Ta strona została przepisana.

Może największym powodem zajęcia się Gertrudą Komorowską był poemat Malczewskiego, osnuty na tym wypadku, ale w świetle poetyczném i w sposób poetyczny go przedstawiający. Sam Malczewski nie wskazuje bynajmniéj źródła „Maryi,“ ale się go łatwo domyślić było. Bielowski wydając we Lwowie ten poemat w roku 1845, pierwszy przyłączył do niego dwa ważne akta urzędowe, tyczące się porwania Komorowskiéj, intercyzę przedślubną i manifest Komorowskiego.
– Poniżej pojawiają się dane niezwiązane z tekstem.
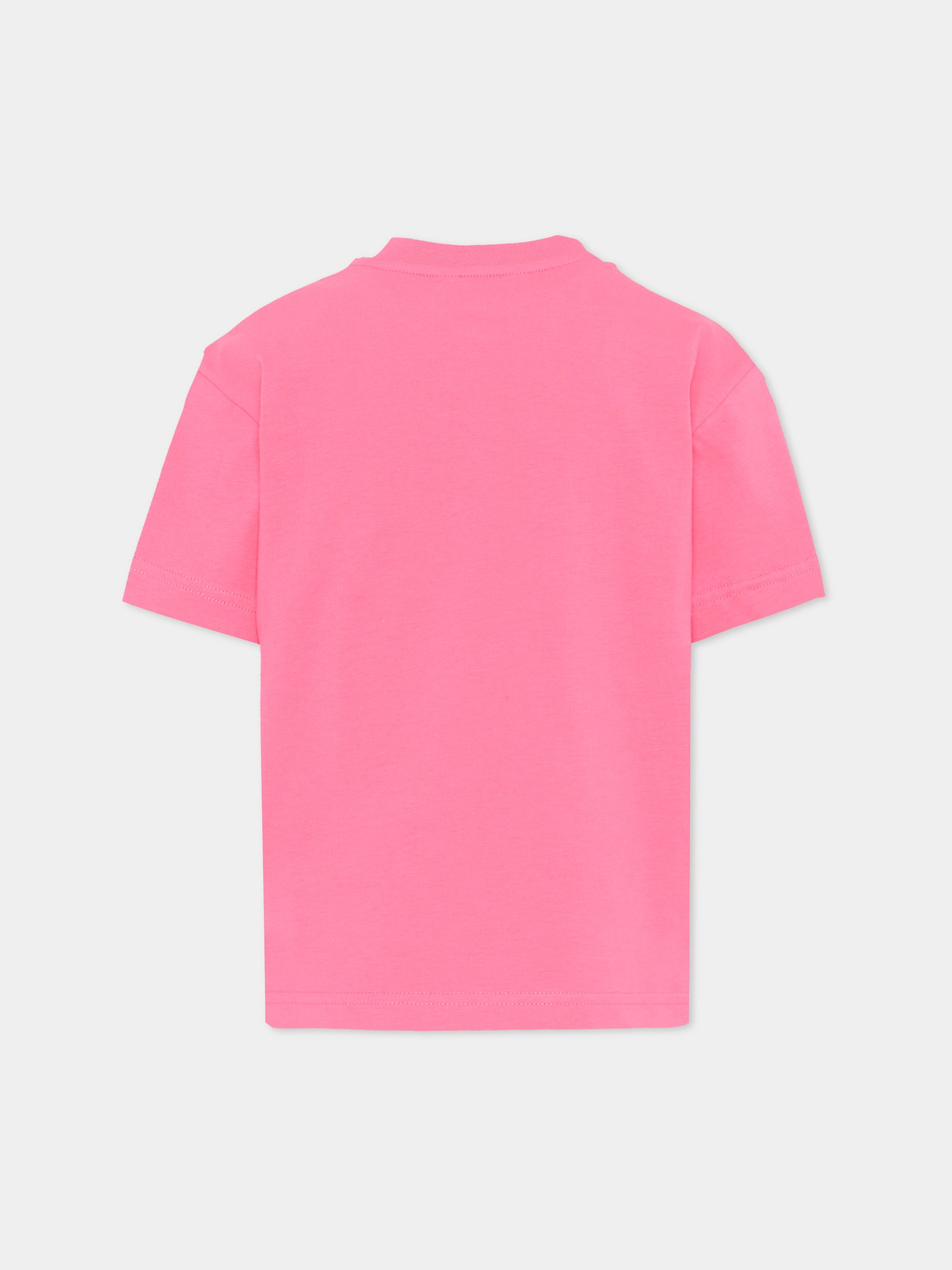 T-Shirt fucsia per bambina con Teddy Bear,Palm Angels,PGAA002S26JER001 044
Dwa te dokumenta stanowiły już podstawę i służyły do poszukiwania dalszych. Szczęśliwy traf nastręczył mi w przeciągu lat dziesiątka, z kilku archiwów familij z Potockimi połączonych, kopie ważniejszych papierów sądowych, odnoszących się do téj sprawy. Na kilka lat przed śmiercią swoją ś. p. Konstanty Świdziński z bogatych zbiorów swoich udzielił kopij większéj części listów tu użytych, z których nam korzystać dozwolił; wreszcie kilku zacnych i poczciwych przyjaciół i znajomych, chętnie śpiesząc z pomocą pracującemu (co u nas powszechne, a czego gdzieindziéj nie szukać), postarało się o dopełnienie materyałów, z jakich tę pracę dziś składamy. Naostatek z akt i metryk koronnych wypisy przygotowano przez T. L. Tripplina, a ułożone przez F. H. Lowestama, których nam chętnie udzielił pan S. Orgelbrand, dopomogły do skompletowania wiadomości potrzebnych.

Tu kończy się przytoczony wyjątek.